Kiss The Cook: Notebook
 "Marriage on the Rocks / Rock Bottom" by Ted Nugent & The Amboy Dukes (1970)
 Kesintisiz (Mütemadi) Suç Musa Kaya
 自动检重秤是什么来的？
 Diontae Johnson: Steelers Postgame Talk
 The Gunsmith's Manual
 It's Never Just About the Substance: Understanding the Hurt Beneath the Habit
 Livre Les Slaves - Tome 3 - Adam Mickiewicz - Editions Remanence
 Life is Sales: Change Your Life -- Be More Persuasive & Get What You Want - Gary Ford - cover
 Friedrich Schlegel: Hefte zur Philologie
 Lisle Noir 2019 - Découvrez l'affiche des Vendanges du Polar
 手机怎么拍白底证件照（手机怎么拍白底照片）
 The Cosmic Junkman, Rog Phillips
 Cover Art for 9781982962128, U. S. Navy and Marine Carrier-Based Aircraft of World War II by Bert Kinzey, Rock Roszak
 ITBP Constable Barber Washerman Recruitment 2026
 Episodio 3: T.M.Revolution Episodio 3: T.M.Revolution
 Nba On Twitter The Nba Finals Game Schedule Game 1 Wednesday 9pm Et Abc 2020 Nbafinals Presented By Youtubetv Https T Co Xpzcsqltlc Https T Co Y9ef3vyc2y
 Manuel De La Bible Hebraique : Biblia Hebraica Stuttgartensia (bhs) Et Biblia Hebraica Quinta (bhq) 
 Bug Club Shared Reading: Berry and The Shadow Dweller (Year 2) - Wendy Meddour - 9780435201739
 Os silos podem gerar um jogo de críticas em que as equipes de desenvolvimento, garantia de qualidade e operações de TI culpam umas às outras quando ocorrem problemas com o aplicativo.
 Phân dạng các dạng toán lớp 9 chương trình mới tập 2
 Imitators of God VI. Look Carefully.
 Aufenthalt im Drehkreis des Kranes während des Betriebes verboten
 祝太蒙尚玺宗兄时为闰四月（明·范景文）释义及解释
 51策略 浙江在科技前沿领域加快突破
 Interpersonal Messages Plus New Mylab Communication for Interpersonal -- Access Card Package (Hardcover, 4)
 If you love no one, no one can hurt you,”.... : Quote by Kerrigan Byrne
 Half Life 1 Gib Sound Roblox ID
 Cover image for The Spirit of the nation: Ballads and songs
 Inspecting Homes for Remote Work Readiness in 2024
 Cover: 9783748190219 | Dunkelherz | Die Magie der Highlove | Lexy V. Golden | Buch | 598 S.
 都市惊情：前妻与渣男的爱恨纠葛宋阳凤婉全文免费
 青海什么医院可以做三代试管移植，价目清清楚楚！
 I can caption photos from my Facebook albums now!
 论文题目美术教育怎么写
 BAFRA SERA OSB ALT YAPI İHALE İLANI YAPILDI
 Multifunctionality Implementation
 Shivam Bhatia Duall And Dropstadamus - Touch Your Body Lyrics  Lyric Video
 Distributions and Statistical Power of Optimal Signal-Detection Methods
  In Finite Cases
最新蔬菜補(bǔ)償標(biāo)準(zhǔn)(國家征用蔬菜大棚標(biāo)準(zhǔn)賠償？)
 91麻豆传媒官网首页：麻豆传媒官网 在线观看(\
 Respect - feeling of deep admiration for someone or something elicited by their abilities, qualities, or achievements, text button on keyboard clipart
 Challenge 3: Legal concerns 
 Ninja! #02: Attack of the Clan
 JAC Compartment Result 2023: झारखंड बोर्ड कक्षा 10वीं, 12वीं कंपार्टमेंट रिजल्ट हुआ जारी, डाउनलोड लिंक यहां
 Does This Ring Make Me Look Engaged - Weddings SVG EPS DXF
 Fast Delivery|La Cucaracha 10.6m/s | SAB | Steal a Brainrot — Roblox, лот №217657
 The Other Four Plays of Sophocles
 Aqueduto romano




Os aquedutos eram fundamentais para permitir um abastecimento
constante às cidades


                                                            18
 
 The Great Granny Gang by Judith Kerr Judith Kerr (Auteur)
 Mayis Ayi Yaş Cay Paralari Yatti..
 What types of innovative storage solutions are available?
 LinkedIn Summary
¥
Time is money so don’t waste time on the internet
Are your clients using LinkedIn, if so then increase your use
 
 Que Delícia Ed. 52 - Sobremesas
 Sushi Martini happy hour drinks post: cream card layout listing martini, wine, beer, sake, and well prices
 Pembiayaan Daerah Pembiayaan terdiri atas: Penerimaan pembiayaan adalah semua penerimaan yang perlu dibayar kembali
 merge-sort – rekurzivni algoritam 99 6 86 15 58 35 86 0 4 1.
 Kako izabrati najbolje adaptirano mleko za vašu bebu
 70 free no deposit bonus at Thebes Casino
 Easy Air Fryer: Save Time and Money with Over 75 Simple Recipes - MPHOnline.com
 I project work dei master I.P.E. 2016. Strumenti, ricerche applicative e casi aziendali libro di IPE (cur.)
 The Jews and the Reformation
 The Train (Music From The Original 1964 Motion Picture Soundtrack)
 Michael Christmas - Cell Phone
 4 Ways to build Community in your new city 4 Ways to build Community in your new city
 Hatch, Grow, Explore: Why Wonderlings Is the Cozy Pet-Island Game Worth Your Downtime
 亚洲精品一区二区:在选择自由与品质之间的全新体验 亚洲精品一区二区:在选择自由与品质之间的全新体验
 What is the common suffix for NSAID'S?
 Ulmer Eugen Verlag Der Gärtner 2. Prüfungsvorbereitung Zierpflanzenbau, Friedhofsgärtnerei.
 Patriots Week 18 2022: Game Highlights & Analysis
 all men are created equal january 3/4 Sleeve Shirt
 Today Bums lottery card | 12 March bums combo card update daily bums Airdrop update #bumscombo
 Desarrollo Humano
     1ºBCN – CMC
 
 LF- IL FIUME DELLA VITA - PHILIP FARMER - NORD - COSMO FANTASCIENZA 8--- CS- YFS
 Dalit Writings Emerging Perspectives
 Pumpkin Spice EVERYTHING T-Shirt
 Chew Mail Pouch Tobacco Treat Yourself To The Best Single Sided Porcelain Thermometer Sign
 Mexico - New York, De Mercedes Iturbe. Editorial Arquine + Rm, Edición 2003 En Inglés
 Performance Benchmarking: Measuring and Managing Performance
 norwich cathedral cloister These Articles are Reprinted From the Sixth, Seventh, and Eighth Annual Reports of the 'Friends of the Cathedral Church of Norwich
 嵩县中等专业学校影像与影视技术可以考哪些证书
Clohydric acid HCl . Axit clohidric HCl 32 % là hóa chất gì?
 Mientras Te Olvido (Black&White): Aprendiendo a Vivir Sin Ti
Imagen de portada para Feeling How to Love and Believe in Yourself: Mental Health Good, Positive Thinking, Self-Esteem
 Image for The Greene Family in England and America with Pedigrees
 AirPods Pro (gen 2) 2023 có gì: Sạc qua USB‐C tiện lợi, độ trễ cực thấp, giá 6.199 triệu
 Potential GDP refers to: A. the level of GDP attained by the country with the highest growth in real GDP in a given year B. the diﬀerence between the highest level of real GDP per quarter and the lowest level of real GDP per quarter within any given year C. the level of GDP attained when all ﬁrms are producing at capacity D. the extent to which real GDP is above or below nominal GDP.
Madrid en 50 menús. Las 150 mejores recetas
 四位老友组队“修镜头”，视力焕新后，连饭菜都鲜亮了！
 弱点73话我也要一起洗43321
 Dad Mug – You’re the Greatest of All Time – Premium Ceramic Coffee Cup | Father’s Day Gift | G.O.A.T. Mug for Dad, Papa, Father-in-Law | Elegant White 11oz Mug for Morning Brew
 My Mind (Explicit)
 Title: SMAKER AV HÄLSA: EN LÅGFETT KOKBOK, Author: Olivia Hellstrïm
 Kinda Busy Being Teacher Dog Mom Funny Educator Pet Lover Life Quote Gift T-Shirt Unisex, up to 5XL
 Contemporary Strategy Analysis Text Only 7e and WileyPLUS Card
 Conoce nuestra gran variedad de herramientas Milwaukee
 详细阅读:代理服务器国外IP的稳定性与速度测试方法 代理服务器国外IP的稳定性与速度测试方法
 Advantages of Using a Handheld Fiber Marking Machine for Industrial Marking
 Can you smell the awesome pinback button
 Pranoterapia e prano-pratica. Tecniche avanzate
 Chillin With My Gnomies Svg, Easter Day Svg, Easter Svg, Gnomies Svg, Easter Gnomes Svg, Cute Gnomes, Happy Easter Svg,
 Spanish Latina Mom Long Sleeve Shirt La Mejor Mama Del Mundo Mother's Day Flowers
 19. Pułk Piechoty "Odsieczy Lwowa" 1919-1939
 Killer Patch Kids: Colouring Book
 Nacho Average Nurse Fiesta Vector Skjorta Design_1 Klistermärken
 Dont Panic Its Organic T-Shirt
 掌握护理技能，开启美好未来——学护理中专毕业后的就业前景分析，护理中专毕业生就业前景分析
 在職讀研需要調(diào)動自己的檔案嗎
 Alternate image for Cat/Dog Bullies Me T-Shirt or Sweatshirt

◆ ◆ ◆ ◆ ◆ ◆ ◆

## The task:
Return only the part of the records above that opens with the line containing "Os silos podem" and closes with the line containing "Does This Ring", ends included.

## Solution:
 Os silos podem gerar um jogo de críticas em que as equipes de desenvolvimento, garantia de qualidade e operações de TI culpam umas às outras quando ocorrem problemas com o aplicativo.
 Phân dạng các dạng toán lớp 9 chương trình mới tập 2
 Imitators of God VI. Look Carefully.
 Aufenthalt im Drehkreis des Kranes während des Betriebes verboten
 祝太蒙尚玺宗兄时为闰四月（明·范景文）释义及解释
 51策略 浙江在科技前沿领域加快突破
 Interpersonal Messages Plus New Mylab Communication for Interpersonal -- Access Card Package (Hardcover, 4)
 If you love no one, no one can hurt you,”.... : Quote by Kerrigan Byrne
 Half Life 1 Gib Sound Roblox ID
 Cover image for The Spirit of the nation: Ballads and songs
 Inspecting Homes for Remote Work Readiness in 2024
 Cover: 9783748190219 | Dunkelherz | Die Magie der Highlove | Lexy V. Golden | Buch | 598 S.
 都市惊情：前妻与渣男的爱恨纠葛宋阳凤婉全文免费
 青海什么医院可以做三代试管移植，价目清清楚楚！
 I can caption photos from my Facebook albums now!
 论文题目美术教育怎么写
 BAFRA SERA OSB ALT YAPI İHALE İLANI YAPILDI
 Multifunctionality Implementation
 Shivam Bhatia Duall And Dropstadamus - Touch Your Body Lyrics  Lyric Video
 Distributions and Statistical Power of Optimal Signal-Detection Methods
  In Finite Cases
最新蔬菜補(bǔ)償標(biāo)準(zhǔn)(國家征用蔬菜大棚標(biāo)準(zhǔn)賠償？)
 91麻豆传媒官网首页：麻豆传媒官网 在线观看(\
 Respect - feeling of deep admiration for someone or something elicited by their abilities, qualities, or achievements, text button on keyboard clipart
 Challenge 3: Legal concerns 
 Ninja! #02: Attack of the Clan
 JAC Compartment Result 2023: झारखंड बोर्ड कक्षा 10वीं, 12वीं कंपार्टमेंट रिजल्ट हुआ जारी, डाउनलोड लिंक यहां
 Does This Ring Make Me Look Engaged - Weddings SVG EPS DXF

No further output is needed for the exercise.